PROMOÇÕES E CONSUMIDOR: RISCOS E RESPONSABILIDADES
Frederico E. Z. Glitz[1]
É chegado aquele momento do ano em que o consumidor é bombardeado por promoções e promessas de preços e condições imperdíveis. O consumidor, contudo, deve manter uma postura de cautela, não apenas pelas condições de oferta, mas também pelo cenário econômico mais amplo.
Os dados estatísticos da Confederação Nacional do Comércio de Bens, Serviços e Turismo (CNC) indicam que o setor varejista foi especialmente afetado no ano de 2020, atingindo pela maior retração dos últimos cinco anos, com o encerramento de cerca de 75 mil atividades empresariais. Já os dados do IBGE para o ano de 2021 apontam a permanência desta tendência, com a retração do volume de vendas do comércio varejista em 0,5% no último trimestre e em 4% se comparado com o ano anterior. Há, portanto, uma tendência natural a se esperar maior apelo – comercial, publicitário e promocional – nos próximos meses.

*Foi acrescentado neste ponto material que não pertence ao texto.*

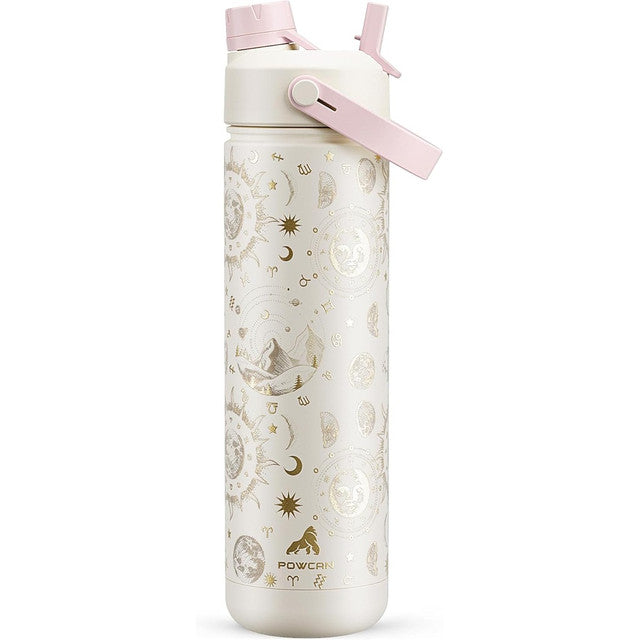 POWCAN 26 oz Insulated Water Bottle with 2-in-1 Straw and Spout Lid, Keep Cold 24H, Leak-Proof, Fits in Car Cup Holder, Stainless Steel Water Bottle for Sports, Travel, and School (Cotton Candy)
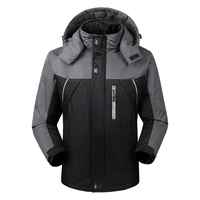 Veste d'hiver pour homme, coupe-vent, imperméable, doublée en polaire, avec poches, col montant, veste chaude à capuche, veste de ski pour homme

Existem, claro, muitos fatores que podem influenciar estes dados brutos. Em 2020 o auxílio e os saques emergenciais acabaram freando, em parte, um maior encolhimento da economia. Em 2021, contudo, os efeitos da retração econômica têm sido especialmente cruéis na medida em que são agravados pela crescente inflação (projetada para 8,5% neste ano), pelo aumento da miséria (algo como 14,5 milhões de brasileiros vivendo em extrema pobreza) e pela precarização das relações de trabalho (com atuais 14,4 milhões de desempregados, por exemplo).
Por outro lado, tradicionalmente, o final de ano é marcado por uma melhora destes números com a criação de postos temporários de trabalho, com o pagamento do 13º salário e, eventualmente, pela prometida retomada dos programas assistenciais. Alie-se a isso tudo a tendência natural de otimismo do período festivo e de agradecimento.
Neste quadro econômico, então, o consumidor deve atentar não apenas para as condições da oferta e para a sedutora publicidade criadora do desejo, mas também projetar – com razoável cautela – um futuro provável para suas próprias finanças e para os impactos de seu consumo.
Em primeiro lugar, o consumidor deve ficar atento para algumas estratégias de marketing. Técnicas como a divulgação de promoções inexistentes ou de condições que se revelam gravosas são famosas neste período. Quem não lembra do famoso produto vendido pela “metade do dobro do preço”? Aqui está em jogo a divulgação de produtos e serviços supostamente comercializados em condições promocionais, mas que relevam os mesmos preços anteriores ou que os tiveram inflados na véspera (afinal, desconto sobre preço maior não é desconto!).
Para estes riscos basta que o consumidor fique atento e pesquise: qual era o preço daquele produto nos meses anteriores? Aplicadas as condições promocionais, qual será o preço final deste produto ou serviço? O produto ou serviço “vale” este valor? Lembre-se que é direito básico do consumidor a informação clara sobre o preço do produto (art. 6º, III do CDC), incluído o preço calculado por medidas (art. 6º, XIII), que a oferta de qualquer produto ou serviço deve ser clara, correta e completa (art. 30 do CDC) e que a indução em erro do consumidor é publicidade enganosa (art. 37) e infração penal (art. 66).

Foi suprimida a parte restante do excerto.